Of the lines listed below, return exactly those that run from the line containing "819 Kipling Drive" through the line containing "Photo of Rolling", both included.

BEGIN

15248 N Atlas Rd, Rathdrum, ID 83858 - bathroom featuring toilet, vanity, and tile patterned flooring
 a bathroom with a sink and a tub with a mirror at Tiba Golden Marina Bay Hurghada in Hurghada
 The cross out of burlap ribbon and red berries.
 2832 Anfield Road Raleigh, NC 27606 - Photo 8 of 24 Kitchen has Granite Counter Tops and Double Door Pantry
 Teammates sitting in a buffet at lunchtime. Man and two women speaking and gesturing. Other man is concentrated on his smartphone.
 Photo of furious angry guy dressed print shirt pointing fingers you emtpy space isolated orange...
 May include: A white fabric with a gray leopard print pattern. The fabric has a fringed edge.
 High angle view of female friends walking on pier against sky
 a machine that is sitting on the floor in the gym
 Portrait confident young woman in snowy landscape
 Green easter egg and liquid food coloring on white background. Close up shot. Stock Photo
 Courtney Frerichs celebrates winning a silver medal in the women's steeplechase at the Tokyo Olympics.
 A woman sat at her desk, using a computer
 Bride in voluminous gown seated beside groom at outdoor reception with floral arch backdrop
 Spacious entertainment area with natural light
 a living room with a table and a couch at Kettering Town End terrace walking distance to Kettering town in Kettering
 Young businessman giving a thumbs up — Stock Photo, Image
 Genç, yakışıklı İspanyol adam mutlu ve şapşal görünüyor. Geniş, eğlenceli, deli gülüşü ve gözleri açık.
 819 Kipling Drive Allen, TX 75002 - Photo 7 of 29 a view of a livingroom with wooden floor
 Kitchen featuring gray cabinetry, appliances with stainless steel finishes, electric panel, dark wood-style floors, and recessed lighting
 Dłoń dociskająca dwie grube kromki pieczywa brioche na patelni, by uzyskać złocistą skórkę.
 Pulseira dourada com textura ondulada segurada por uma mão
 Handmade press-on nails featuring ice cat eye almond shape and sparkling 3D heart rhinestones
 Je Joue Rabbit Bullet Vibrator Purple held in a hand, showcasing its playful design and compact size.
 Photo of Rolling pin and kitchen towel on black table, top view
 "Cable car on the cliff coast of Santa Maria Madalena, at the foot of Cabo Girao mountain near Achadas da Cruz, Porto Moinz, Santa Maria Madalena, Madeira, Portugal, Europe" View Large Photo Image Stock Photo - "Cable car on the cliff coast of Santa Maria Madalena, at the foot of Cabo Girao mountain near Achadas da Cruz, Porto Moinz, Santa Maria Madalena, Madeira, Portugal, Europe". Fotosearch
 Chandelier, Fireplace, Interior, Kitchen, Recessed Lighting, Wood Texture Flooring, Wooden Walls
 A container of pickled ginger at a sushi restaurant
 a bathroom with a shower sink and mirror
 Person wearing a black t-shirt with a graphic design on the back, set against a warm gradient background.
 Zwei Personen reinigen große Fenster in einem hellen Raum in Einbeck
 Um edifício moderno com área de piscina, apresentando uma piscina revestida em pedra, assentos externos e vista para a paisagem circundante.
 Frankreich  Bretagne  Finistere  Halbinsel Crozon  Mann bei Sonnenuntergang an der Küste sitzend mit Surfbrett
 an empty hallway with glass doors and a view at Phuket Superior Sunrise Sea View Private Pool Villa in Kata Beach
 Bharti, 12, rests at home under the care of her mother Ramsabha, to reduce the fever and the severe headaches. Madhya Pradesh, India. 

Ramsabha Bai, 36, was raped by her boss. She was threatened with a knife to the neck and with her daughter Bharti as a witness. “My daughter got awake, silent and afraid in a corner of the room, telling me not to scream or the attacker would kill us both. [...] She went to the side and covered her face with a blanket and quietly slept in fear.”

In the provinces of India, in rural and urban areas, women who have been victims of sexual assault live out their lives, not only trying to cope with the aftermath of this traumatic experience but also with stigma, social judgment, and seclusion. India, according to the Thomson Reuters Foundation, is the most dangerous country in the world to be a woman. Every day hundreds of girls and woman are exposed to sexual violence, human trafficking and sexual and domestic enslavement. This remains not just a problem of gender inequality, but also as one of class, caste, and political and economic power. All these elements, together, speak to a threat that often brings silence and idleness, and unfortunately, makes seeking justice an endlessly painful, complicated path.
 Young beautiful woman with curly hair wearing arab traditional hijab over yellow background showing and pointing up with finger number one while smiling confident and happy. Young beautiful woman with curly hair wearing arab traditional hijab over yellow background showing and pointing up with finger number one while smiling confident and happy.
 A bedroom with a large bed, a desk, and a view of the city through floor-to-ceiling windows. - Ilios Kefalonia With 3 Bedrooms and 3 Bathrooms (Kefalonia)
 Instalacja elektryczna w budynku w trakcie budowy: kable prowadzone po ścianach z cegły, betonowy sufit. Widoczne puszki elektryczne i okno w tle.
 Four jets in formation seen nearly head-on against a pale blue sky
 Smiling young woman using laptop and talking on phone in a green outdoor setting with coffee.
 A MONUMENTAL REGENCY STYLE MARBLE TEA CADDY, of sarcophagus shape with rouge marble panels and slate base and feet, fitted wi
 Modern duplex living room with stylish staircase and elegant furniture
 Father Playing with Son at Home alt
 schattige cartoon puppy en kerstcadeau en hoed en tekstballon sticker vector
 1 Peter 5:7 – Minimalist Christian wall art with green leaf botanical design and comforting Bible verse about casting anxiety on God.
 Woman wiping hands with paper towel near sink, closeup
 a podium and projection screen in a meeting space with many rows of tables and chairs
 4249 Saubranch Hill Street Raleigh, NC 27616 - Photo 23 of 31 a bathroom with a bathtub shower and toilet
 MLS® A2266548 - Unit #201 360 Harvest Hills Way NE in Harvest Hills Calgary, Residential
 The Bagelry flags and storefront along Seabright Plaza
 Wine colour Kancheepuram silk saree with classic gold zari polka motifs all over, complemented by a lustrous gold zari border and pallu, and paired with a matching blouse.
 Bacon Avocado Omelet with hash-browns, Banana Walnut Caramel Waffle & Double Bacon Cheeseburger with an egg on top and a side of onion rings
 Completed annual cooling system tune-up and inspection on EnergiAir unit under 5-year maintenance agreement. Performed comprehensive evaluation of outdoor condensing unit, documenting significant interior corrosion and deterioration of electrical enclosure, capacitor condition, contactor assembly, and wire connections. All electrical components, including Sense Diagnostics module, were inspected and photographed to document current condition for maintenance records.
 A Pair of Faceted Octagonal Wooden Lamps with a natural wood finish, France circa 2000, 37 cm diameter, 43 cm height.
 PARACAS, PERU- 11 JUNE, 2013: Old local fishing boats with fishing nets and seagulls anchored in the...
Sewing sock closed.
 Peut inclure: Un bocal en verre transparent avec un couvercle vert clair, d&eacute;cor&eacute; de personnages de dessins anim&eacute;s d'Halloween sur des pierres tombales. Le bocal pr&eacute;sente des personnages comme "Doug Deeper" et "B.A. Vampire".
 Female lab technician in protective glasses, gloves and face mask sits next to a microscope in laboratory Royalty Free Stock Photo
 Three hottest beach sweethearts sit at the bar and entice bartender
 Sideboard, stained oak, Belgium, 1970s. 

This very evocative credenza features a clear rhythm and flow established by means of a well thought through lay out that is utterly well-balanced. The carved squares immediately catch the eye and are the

END

* [Answer space]
 819 Kipling Drive Allen, TX 75002 - Photo 7 of 29 a view of a livingroom with wooden floor
 Kitchen featuring gray cabinetry, appliances with stainless steel finishes, electric panel, dark wood-style floors, and recessed lighting
 Dłoń dociskająca dwie grube kromki pieczywa brioche na patelni, by uzyskać złocistą skórkę.
 Pulseira dourada com textura ondulada segurada por uma mão
 Handmade press-on nails featuring ice cat eye almond shape and sparkling 3D heart rhinestones
 Je Joue Rabbit Bullet Vibrator Purple held in a hand, showcasing its playful design and compact size.
 Photo of Rolling pin and kitchen towel on black table, top view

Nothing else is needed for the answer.